Mitsubishi Outlander Sport Review

Mitsubishi Outlander Sport Review

The Mitsubishi Outlander has been with us for the better part of a decade, and for the most part, never really managed to challenge the more established SUVs in its class. When Mitsubishi announced the Outlander Sport model -- a smaller version with the promise of more athletic performance -- it seemed like a concept that could possibly gain a foothold. Sadly, that was not the case. The "Sport" badge was quickly dismissed as disingenuous, as this smaller Outlander suffered from a weak engine and lazy handling. Styling was at least intriguing, as it picked up cues from the sporty Lancer Evolution, but the standard Outlander also looks similar and foregoes much of what plagues the Outlander Sport.

As it stands, the Mitsubishi Outlander Sport is sporty only in name and appearance. Furthermore, it comes up short in cargo capacity when compared to competitors. For these reasons, we struggle to recommend it over nearly any other compact SUV, let alone the top-ranked Honda CR-V or Toyota RAV4. Our suggestion is to check out everything else first.

Current Mitsubishi Outlander Sport
The Mitsubishi Outlander Sport is offered in two trim levels: the base ES and SE. Both models are powered by a 148-horsepower 2.0-liter inline-4 engine.

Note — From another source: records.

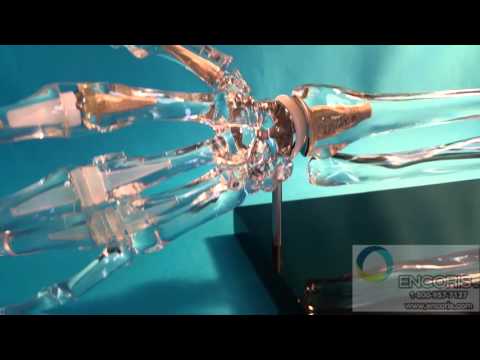 Extremity Acrylic Model of the Hand and Wrist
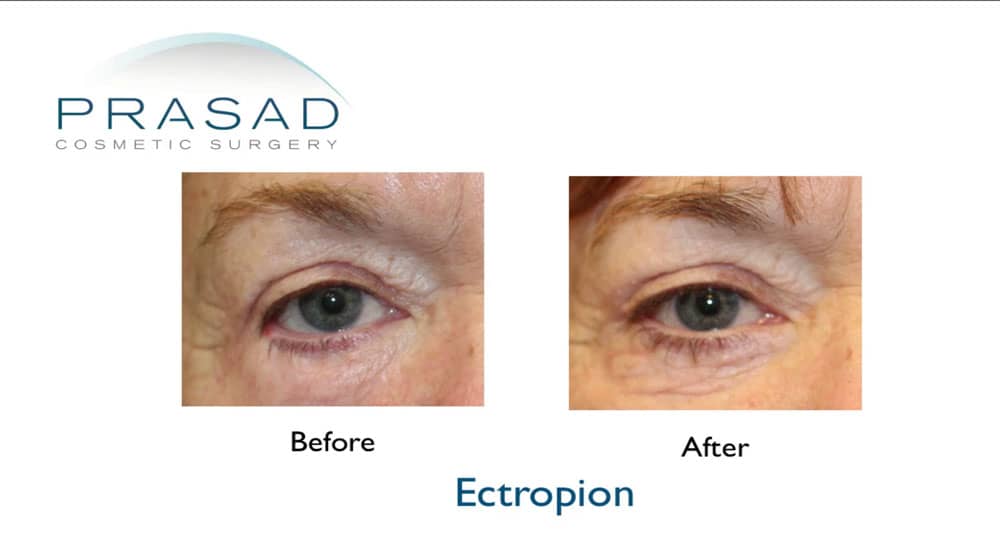 ectropion before and after (eye bag surgery gone wrong)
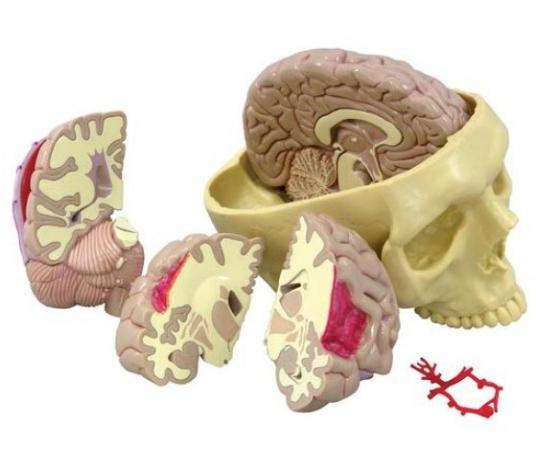 Model chorób mózgu Nr ref: MA00684 Informacja o produkcie: Model anatomiczny przedstawiający patologie mózgu Naturalnych rozmiarów model przeznaczony do nauki anatomii.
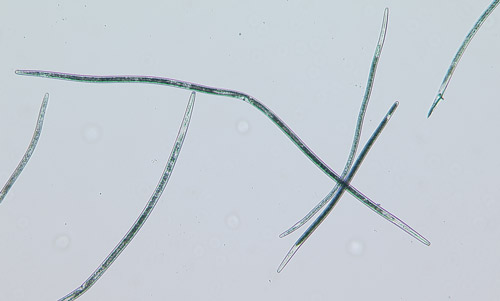 Sting nematode Belonolaimus longicaudatus.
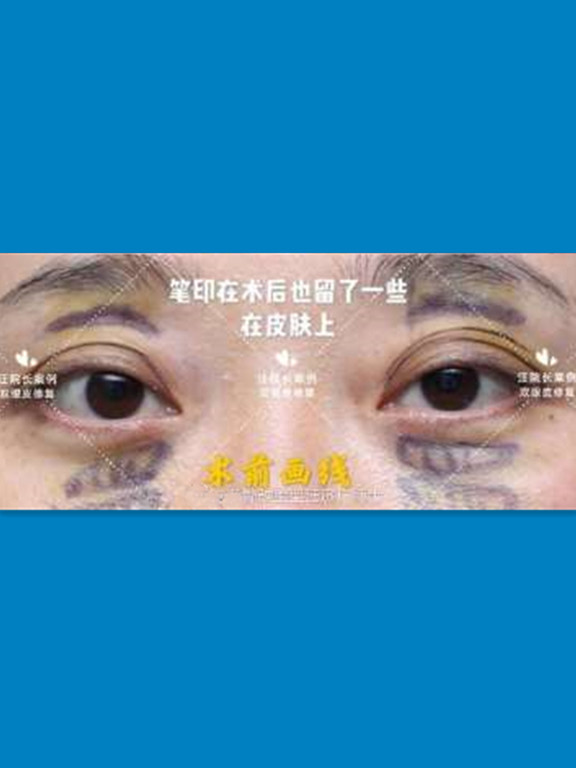 术前求美者眼凸,眼眶凹陷,双眼不对称,多层眼皮.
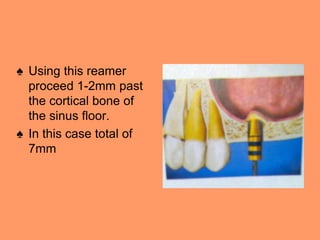 ♠ Using this reamer
proceed 1-2mm past
the cortical bone of
the sinus floor.
♠ In this case total of
7mm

A five-speed manual transmission is standard on the ES, while a continuously variable transmission (CVT) is available as an option and is standard on the SE. Front-wheel drive is standard, with a three-mode all-wheel-drive system available only on the SE.

Notable Outlander ES standard features include remote keyless entry, a tilt-and-telescoping steering wheel, cloth upholstery, Mitsubishi's Fuse voice-activation system and auxiliary audio/USB input jacks. Stepping up to the SE adds 18-inch alloy wheels, automatic xenon headlights, foglights, automatic climate control, keyless ignition/entry, a second-row armrest with center pass-through, upgraded upholstery and a six-speaker stereo. Heated front seats are only offered with SE AWD models. Some of the SE features are available on the ES as options.

An optional Exterior Sport package adds cosmetic and aerodynamic exterior elements and an aluminum fuel door, while the Interior package (available with automatic transmissions only) adds piano-black interior trim and an aluminum shift knob. Other add-ons include interior mood lighting, exterior protection (scuff plates, mud guards and bumper guards) and cargo solutions. Additionally, SE AWD models are eligible for a hard-drive-based navigation system, a rearview camera, an auxiliary video input jack and the Premium package (includes a panoramic sunroof, roof rails and a Rockford Fosgate audio system).

Among competing compact SUVs, the Mitsubishi Outlander Sport is ranked below nearly every alternative. Despite the "Sport" moniker, engine power is barely adequate, resulting in a class-average 8.8 seconds with the manual transmission, while the CVT is considerably slower. Handling is also a bit of a disappointment, as it exhibits a healthy dose of body roll in the turns. Braking performance is similarly lacking when compared to other SUVs in this class, as is cargo capacity. The Outlander Sport does manage to provide a smooth, quiet ride and offers styling that sets it apart from the rest, but its drawbacks far outweigh the positives.

Used Mitsubishi Outlander Sport Models
The Mitsubishi Outlander Sport debuted for 2011. Mitsubishi adjusted the optional CVT the next year for improved acceleration and response, though we've found the differences to be negligible.